Iskenderun. Christian Unger und Reto Klar berichten aus dem Erdbeben-Gebiet in der Türkei. In einem Reporter-Tagebuch schildern sie ihre Eindrücke.

Zehntausende Tote, Leichen unter Beton und Schutt. Die schmerzliche Statistik klettert Tag für Tag. Doch wie viel ein einziges Menschenleben wert ist, erleben wir 112 Stunden nach dem Beben.

An einem Trümmerhaufen in der türkischen Stadt Kahramanmaras, das mal ein mehrstöckiges Wohnhaus war, klettern Helfer auf dem Schutt.
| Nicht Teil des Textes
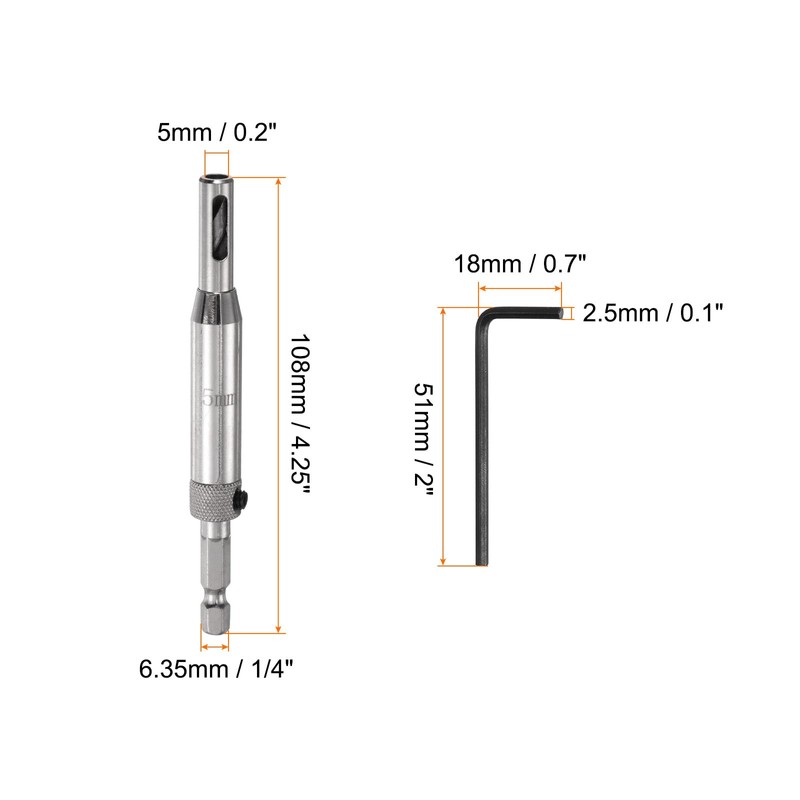 sourcing map Self Centering Drill Bit Set 5mm, 1/4" Hex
Sie bilden eine Kette, Polizisten sichern die Wege zur Straße, wo sich ein paar Hundert Menschen ansammeln.

Ein kleines Mädchen vor einem Berg aus Schutt und Asche.
Ein kleines Mädchen vor einem Berg aus Schutt und Asche. © Reto Klar / FUNKE Foto Services

Dann tragen sie eine Frau unter einer Decke auf einer Trage den Hang runter von den Trümmern, bringen sie in einen Krankenwagen. In einer Hohlkammer unter dem Schutt hat sie mehr als vier Tage überlebt.

Die Menschen auf der Straße jubeln, viele filmen die Szene mit ihrem Handy. Die Retter umarmen sich, feiern sich. Auch wir klatschen für einen Moment, verlassen unsere Rolle des beobachtenden Reporters, werden mitgetragen von den Emotionen.

Wir merken, wie sehr sich Menschen an den Augenblick der kleinen Sensationen klammern, wenn die Welt um sie herum zusammengebrochen ist. Ein Menschenleben — es ist so viel wert.

Das sind die großen, bewegenden Momente dieser Katastrophe, deren verheerendes Ausmaß stündlich wächst.

Reto Klar (links) und Christian Unger in Iskenderun im türkischen Erdbebengebiet
Reto Klar (links) und Christian Unger in Iskenderun im türkischen Erdbebengebiet © Reto Klar/FUNKE | Reto Klar/FUNKE

Erdbeben in der Türkei: Reporter zwischen Emotionen und Arbeit

Doch in der Krise gibt es auch das Banale. Den Alltag. Vielmehr vor allem für uns, die Reporter, die hier sind, weil es Arbeit ist. Nicht weil wir unsere Angehörigen beerdigen müssen.

Dieser Reporter-Alltag beginnt am Morgen mit einer schlechten Nachricht: der Dolmetscher, den wir am Abend vorher kontaktiert hatten, sagt uns kurzfristig ab.

Gerade in den kleinen Städten und Dörfern in den Bergen sprechen nur wenige Menschen Englisch. Um ihre Geschichten wirklich zu verstehen, braucht es Zeit für Gespräche. Und einen Übersetzer. Wir beschließen, dass wir improvisieren — und auf Hilfe vor Ort setzen.

Reporter-Tagebuch aus dem Erdbebengebiet: Menschen suchen verzweifelt Unterkünfte

Die Straßen in die Erdbebengebiete sind voll. Immer wieder stehen wir im Stau. Krankenwagen passieren uns, Polizeifahrzeuge, aber immer wieder auch Lastwagen mit Hilfstransporten.

Türkei: Ein demoliertes Auto im verwüsteten Erdbebengebiet.
Türkei: Ein demoliertes Auto im verwüsteten Erdbebengebiet. © Reto Klar / FUNKE Foto Services

Kurz vor Mitternacht, am Ende eines langen Tages, erreichen wir wieder unser Hotel in der Großstadt Adana, sie liegt am Rand des Erdbebengebiets. In der Lobby steht eine Familie. Eine junge Frau mit ihrem Mann, eine ältere Frau, vielleicht die Mutter. Die Jüngere zeigt Bilder auf Handy, Aufnahmen von Kahramanmanas. Auch hier, immer wieder: kaputte Wohnhäuser, Schutthaufen.

Auch das Haus der Familie wurde durch das Erdbeben zerstört, erzählt uns die Frau. Wie viele andere Menschen schauen sie nun, wo sie unterkommen. Nach ein paar Minuten meldet sich der Mann an der Rezeption bei der Familie. Mit guten Nachrichten: Ein Zimmer ist noch frei.